Before concluding the section, we highlight two important features regarding the simulation of \(\pi _\mathsf {bw.god.plain}\): Despite the simulator \(\mathcal {S}_\mathsf {bw.god.plain}\) reverting to Stage 2 rewinds in some cases (unlike the simulation of [31]), the simulation terminates in polynomial-time since this can occur at most once per corrupt party (as argued above). Lastly, since there is a possibility of reverting back to simulation of Round 2 after simulation of Round 4, we keep an additional ‘dummy’ Round 2 as well (on top of ‘dummy’ Round 3 as in [31]) in our construction. This allows us to maintain the invariant that \(\mathcal {S}_\mathsf {bw.god.sm}\) is never rewound. To be more specific, as there are no messages of underlying semi-malicious protocol being sent in Round 2, 3; even if \(\mathcal {S}_\mathsf {bw.god.plain}\) needs to return to Stage 2 from Stage 4 (after Round 4 has been simulated by obtaining the relevant message from \(\mathcal {S}_\mathsf {bw.god.sm}\)) and resume the simulation from Stage 2 onwards, the message of \(\pi _\mathsf {bw.god.sm}\) sent in Round 4 can simply be replayed. We are able to accommodate two dummy rounds while maintaining the round complexity of 5 owing to the privilege that our delayed-semi-malicious protocol is just 3 rounds. This completes the simulation sketch. Assumption wise, our construction relies on 2-round semi-malicious oblivious transfer (a building block of our 3-round delayed-semi-malicious BoBW MPC \(\pi _\mathsf {bw.god.sm}\)). We state the formal theorem below.

Theorem 8

Let (nst) be such that \(s + t < n\). Let \(\pi _\mathsf {bw.god.sm}\) realises– (i) \(\mathcal {F}_{\mathsf {god}}\) when at most \(t < n/2\) parties are corrupt and (ii) \(\mathcal {F}_{\mathsf {ua}}\) when at most \(s < n\) parties are corrupt, delayed-semi-maliciously in both cases. Then \(\pi _\mathsf {bw.god.plain}\) in the plain model realises– (i) \(\mathcal {F}_{\mathsf {god}}\) when at most \(t < n/2\) parties are corrupt and (ii) \(\mathcal {F}_{\mathsf {ua}}\) when at most \(s < n\) parties are corrupt, maliciously in both cases. It takes 5 rounds, assuming that \(\pi _\mathsf {bw.god.sm}\) takes 3 rounds.

Proof

The proof which includes the complete description of the simulator, a discussion about its indistinguishability to the real view and its running time appears in the full version [54].    \(\square \)
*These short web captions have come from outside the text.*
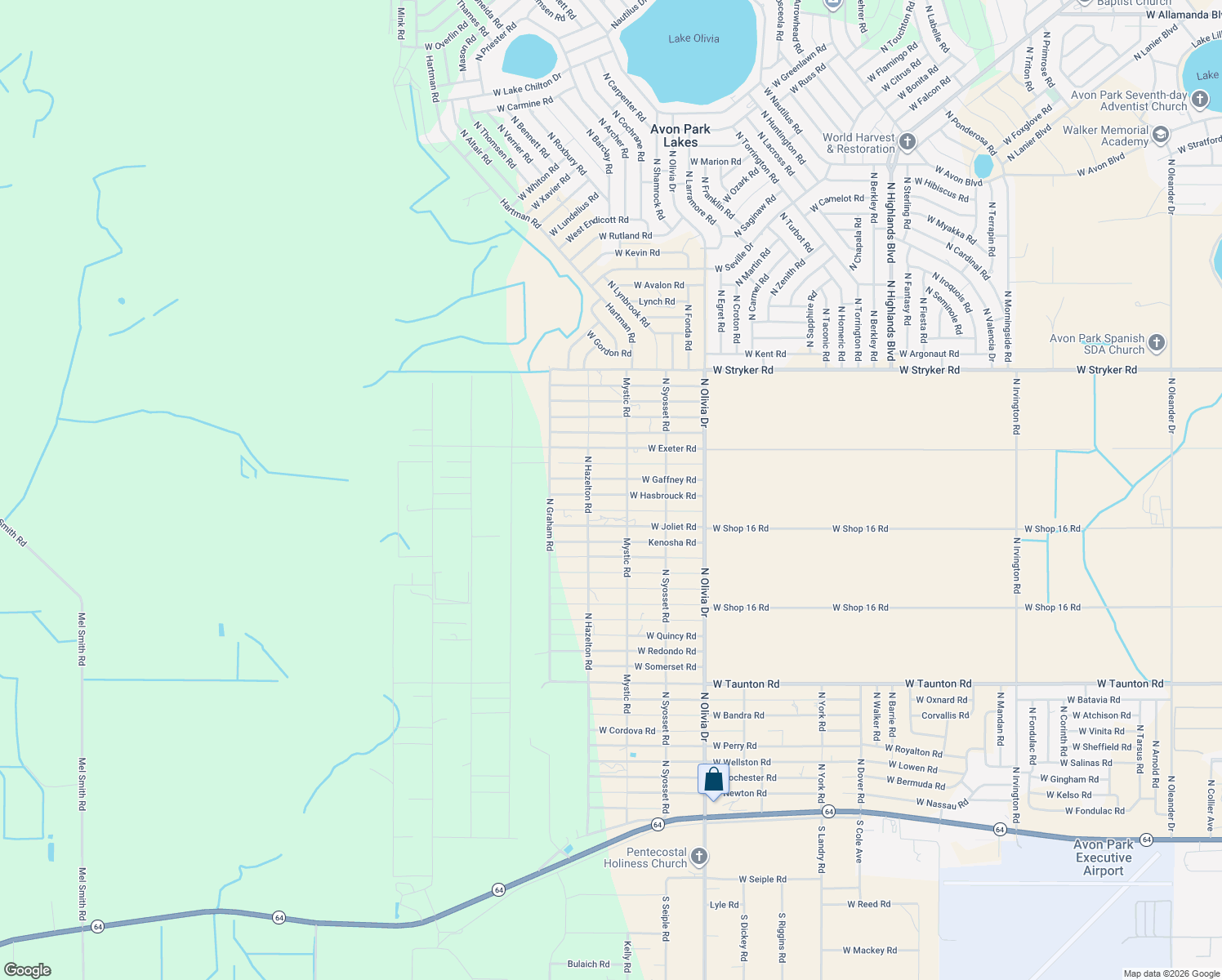 map of restaurants, bars, coffee shops, grocery stores, and more near 2924 West Hasbrouck Road in Avon Park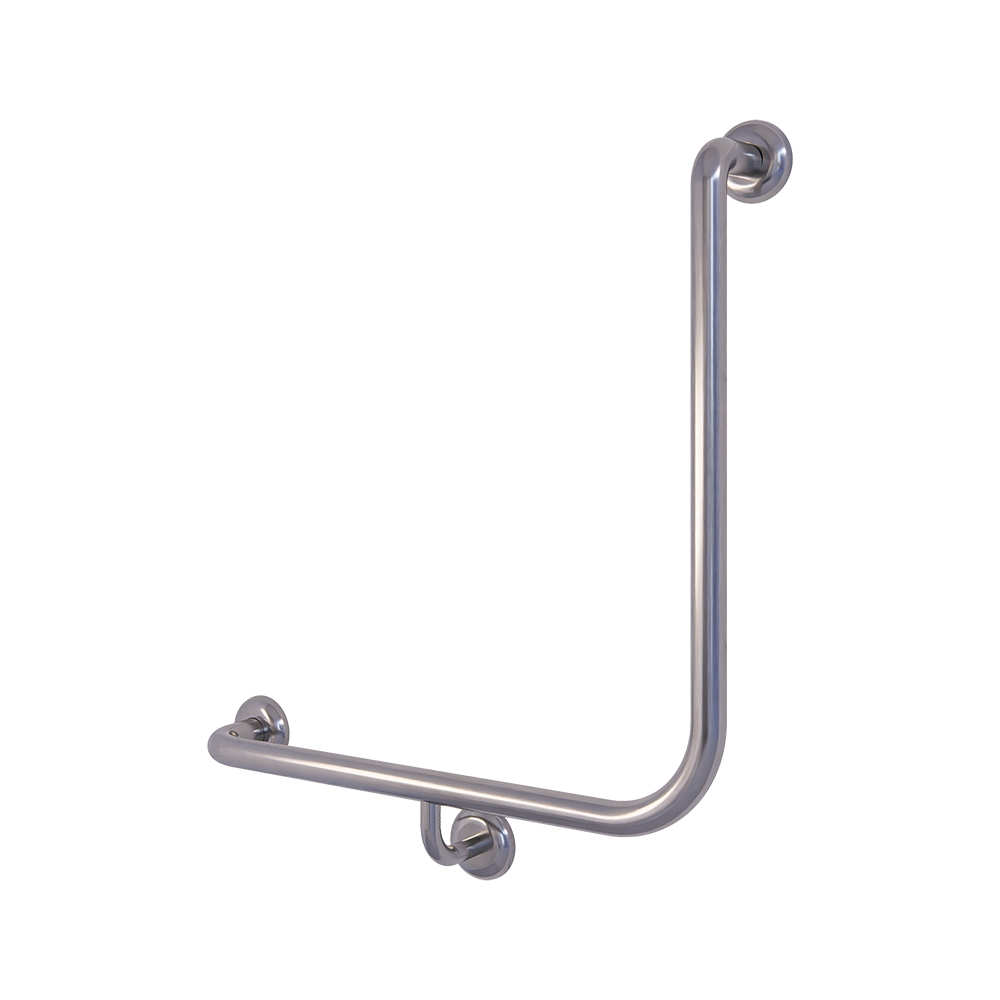 90° Bariatric Left Hand Grab Rail - 450mm x 450mm, Satin Stainless Steel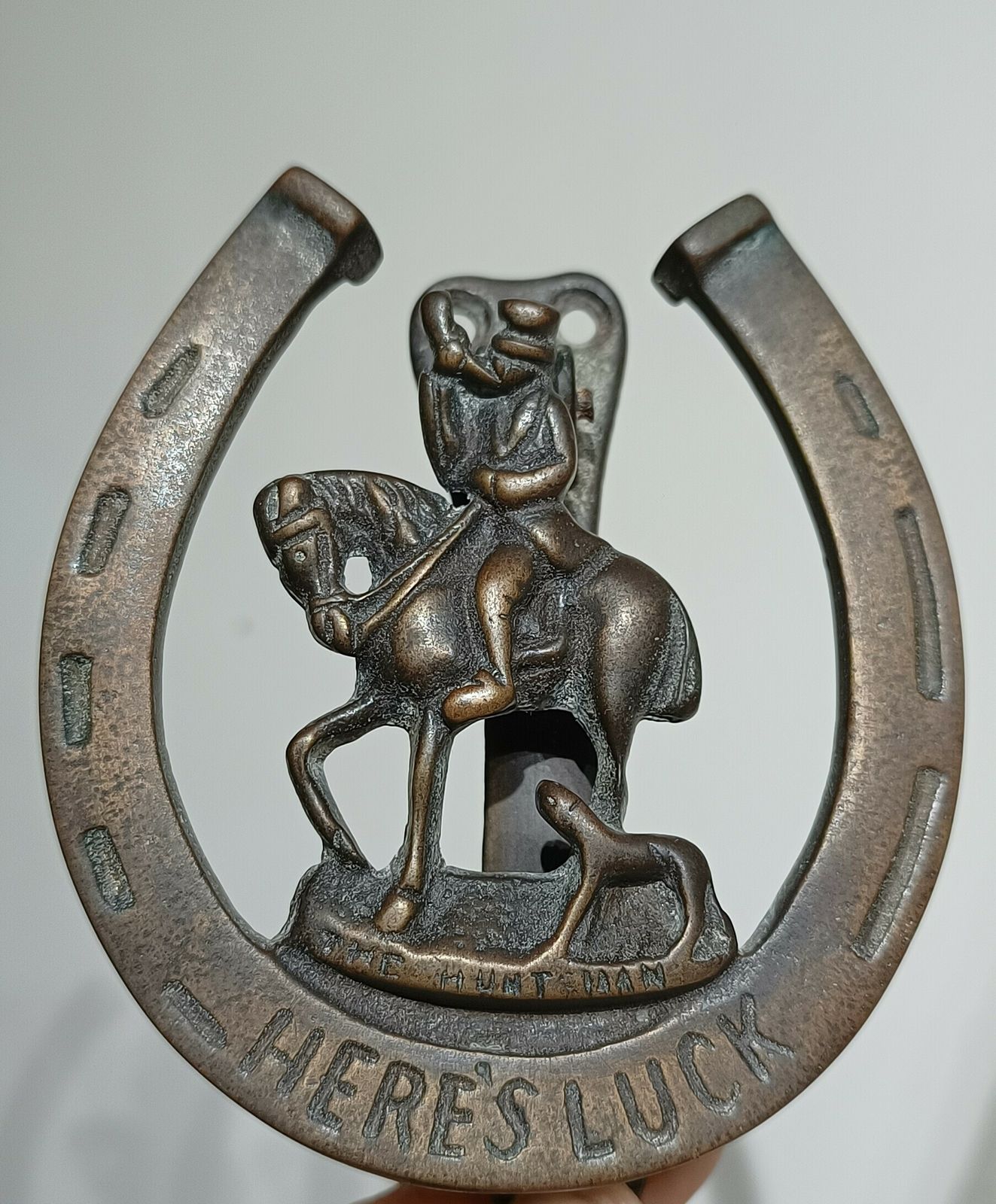 Aged Brass Door Knocker Huntsman And Horse And Hound  Knocker. photo buy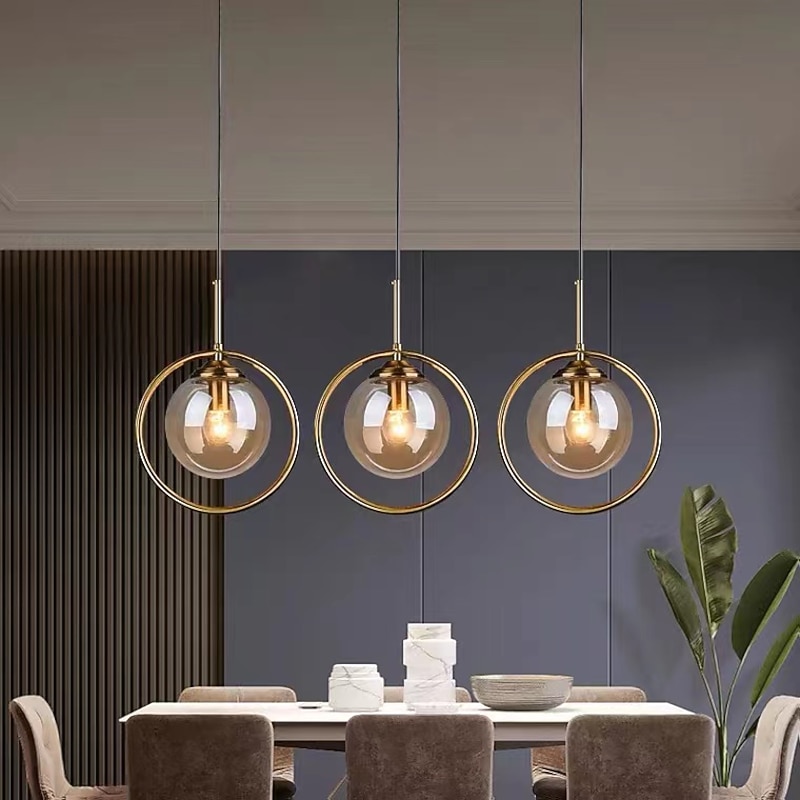 25 cm Single Design Pendant Light LED Globe Circle Metal Electroplated Island Lights Nordic Style Shops / Cafes Dining Room Bedroom Living Room Lights Gift for Family Friends 1100-240V4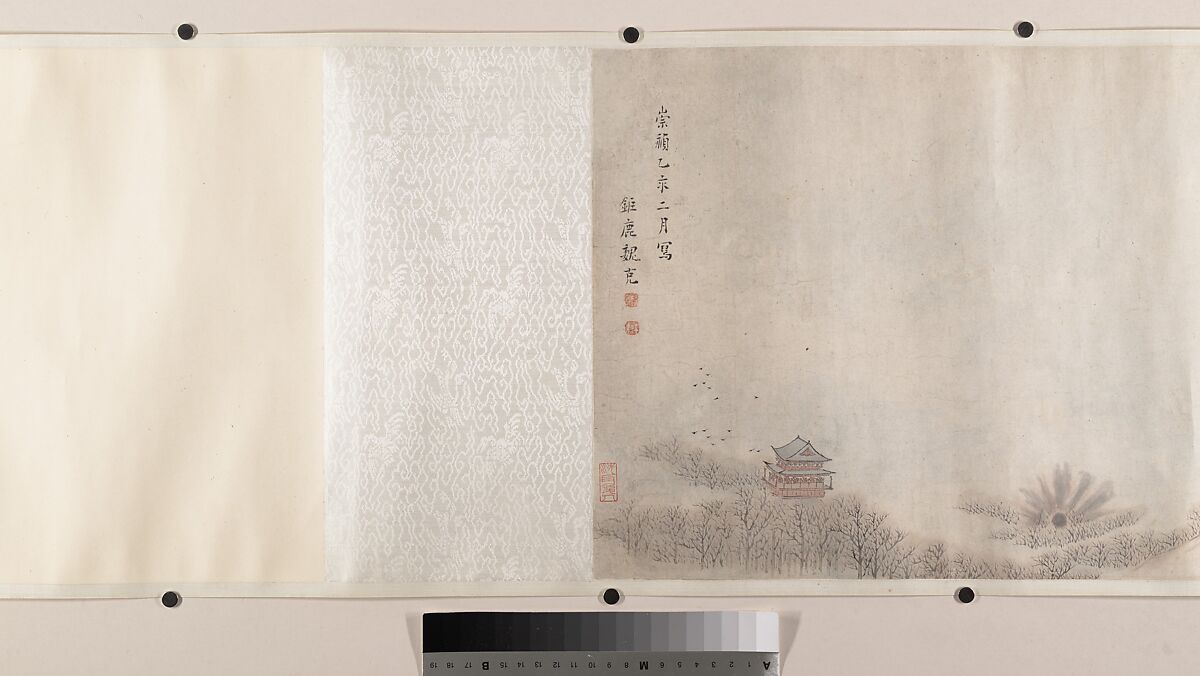 Landscape of the four seasons in the styles of old masters, Wei Zhike (Chinese, active ca. 1600–after 1636), Handscroll; ink and color on paper, China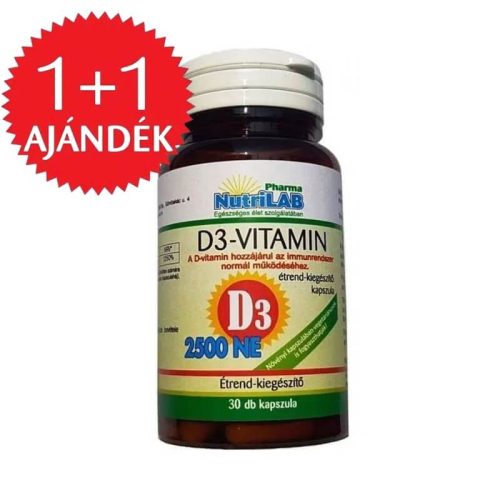 NutriLAB D3 2500 NE vitamin vega kapszula 30db - 1+1 AJÁNDÉK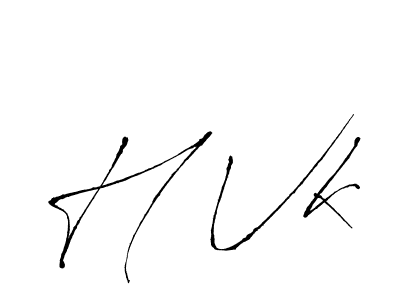 H Vk stylish signature style. Best Handwritten Sign (Antro_Vectra) for my name. Handwritten Signature Collection Ideas for my name H Vk. H Vk signature style 6 images and pictures png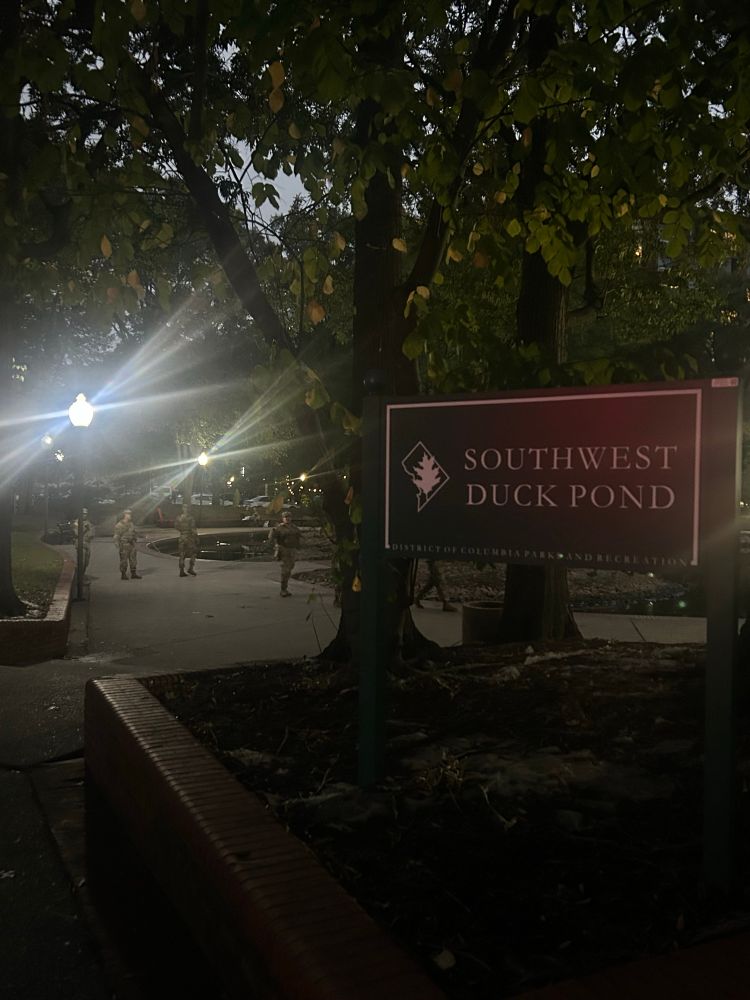 Numerous National Guard members patrolling the Southwest DC duck pond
Extension to Identifiability. We additionally point that the publicly-verifiable \(\mathsf {WI}\) proofs render identifiability to our construction. Thus our maliciously-secure \((\textsf {god}| \textsf {ua})\)-BoBW protocol achieves the stronger notion of identifiable abort in case of dishonest majority, with no extra assumption. A minor observation is that we can replace the last round broadcast with point-to-point communication in our \((\textsf {god}| \textsf {ua})\)-BoBW protocol \(\pi _\mathsf {bw.god.plain}\) at the expense of relaxing \(\textsf {ua}\) to \(\textsf {sa}\) security in the dishonest-majority setting.